"You've forgotten and I haven't. You don't know what an appalling thing you're doing. You're leaving everything and everybody you ever cared for. You'll die of sheer unhappiness."

"Nonsense, Eliot. You know perfectly well that people don't die of unhappiness. They die of accidents and diseases and old age. I shall die of old age. And I'll be back in twenty years' time if I've seen it through."

"Twenty years. The best years of your life. You'll be desperately lonely. You don't know what it'll be like."

"Oh yes, I do. I've been lonely before now. And I've saved myself by working."

"Yes, in England, where you could see some of us sometimes. But out there, with people you never saw before—people who may be brutes—"

"They needn't be."

He went on relentlessly. "People you don't care for and never will care for. You've never really cared for anybody but us."

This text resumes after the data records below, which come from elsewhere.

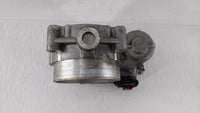 2011-2018 Dodge Charger Throttle Body P/N:05184349AF 05184349AD, 05184349AB Fits Fits 2011 2012 2013 2014 2015 2016 2017 201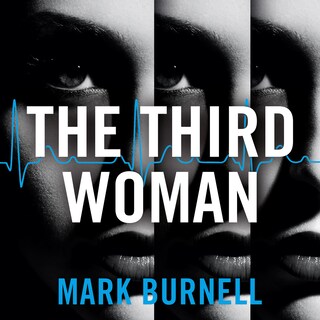 The Third Woman bookCoverFor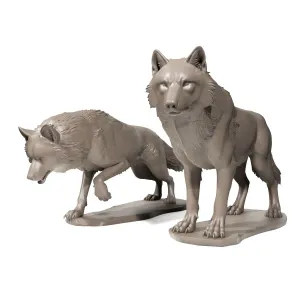 Wolfs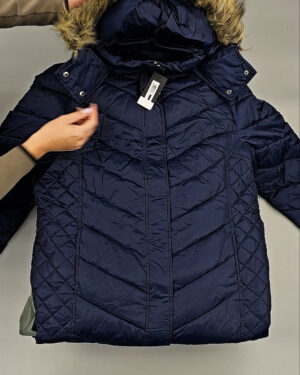 Фотография  716 - Верхняя одежда женская CAN 104#15 кг, ЛОТ СТ-9349 оптом в Сочи и Краснодарском крае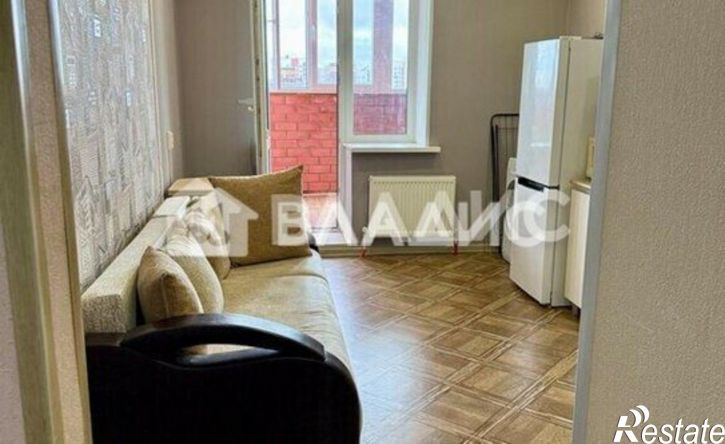 1-комн квартира 10-й микрорайон, 65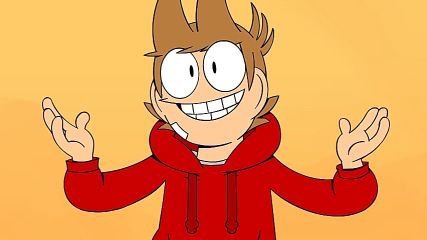 Tord | Wiki | 🌎Eddsworld🌎 Amino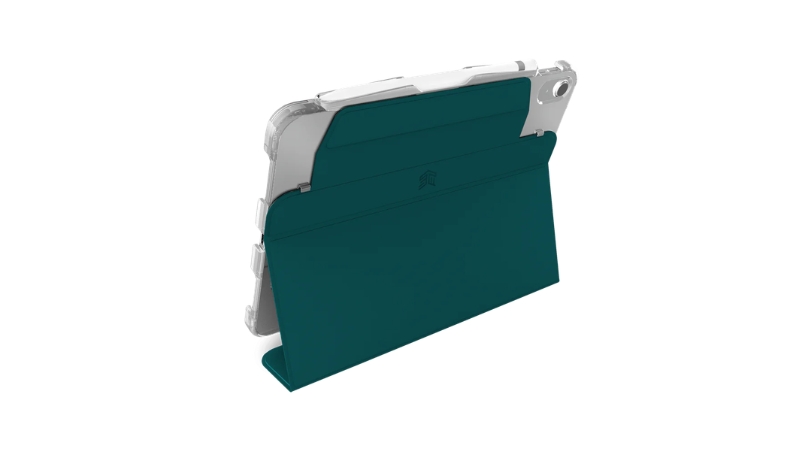 Bao da iPad (A16) Gen 10 STM Studio Max-STM-222-491KX-04-16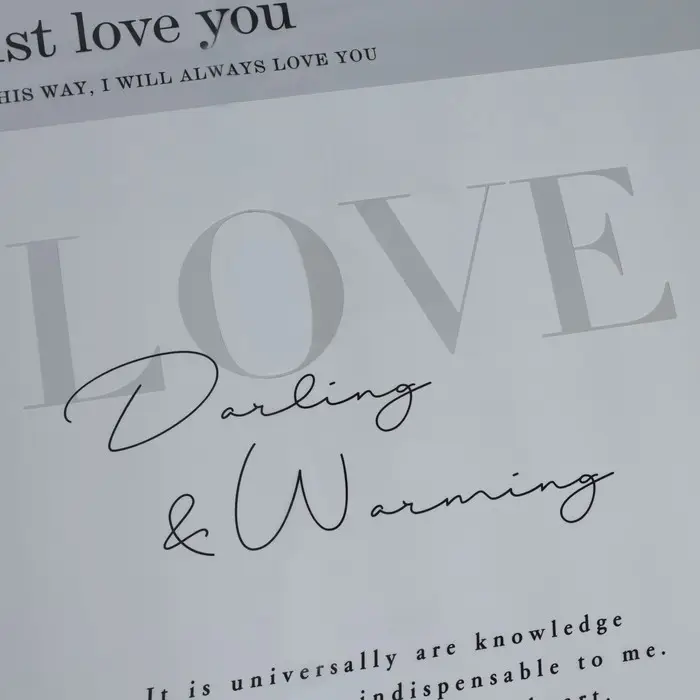 Пленка флористическая «Такая любовь», 58×58 см Пленка флористическая «Такая любовь», 58×58 см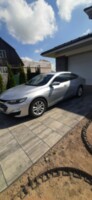 Chevrolet Malibu IX, 2017 г.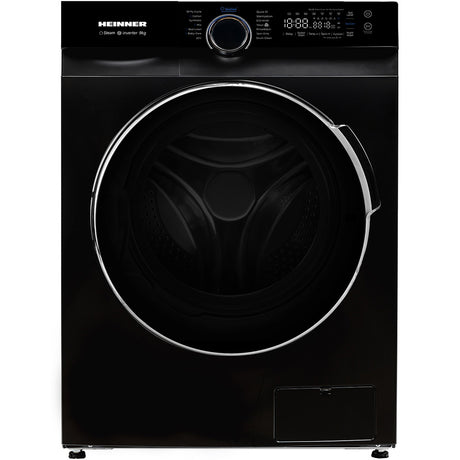 Waschmaschine Heinner HWM-M914IVKBA – 9 kg – 1400 U/Min – Energieeffizienzklasse A – Produktfoto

"I haven't. I'm going because I care. I can't let Jerry go on like that.
I've got to end it."

"You're going simply to save Jerrold. So that you can never go back to him. Don't you see that if you married me you'd both be safe? You couldn't go back. If you were married to me Jerrold wouldn't take you from me. If you were married to me you wouldn't break faith with me. If you had children you wouldn't break faith with them. Nothing could keep you safer."

"I can't, Eliot. Nothing's changed. I belong to Jerrold. I always have belonged to him. It isn't anything physical. Even if I'm separated from him, thousands of miles, I shall belong to him still. My mind, or soul, or whatever the thing is, can't get away from him…. You say if I belonged to you I couldn't give myself to Jerrold. If I belong to Jerrold, how can I give myself to you?"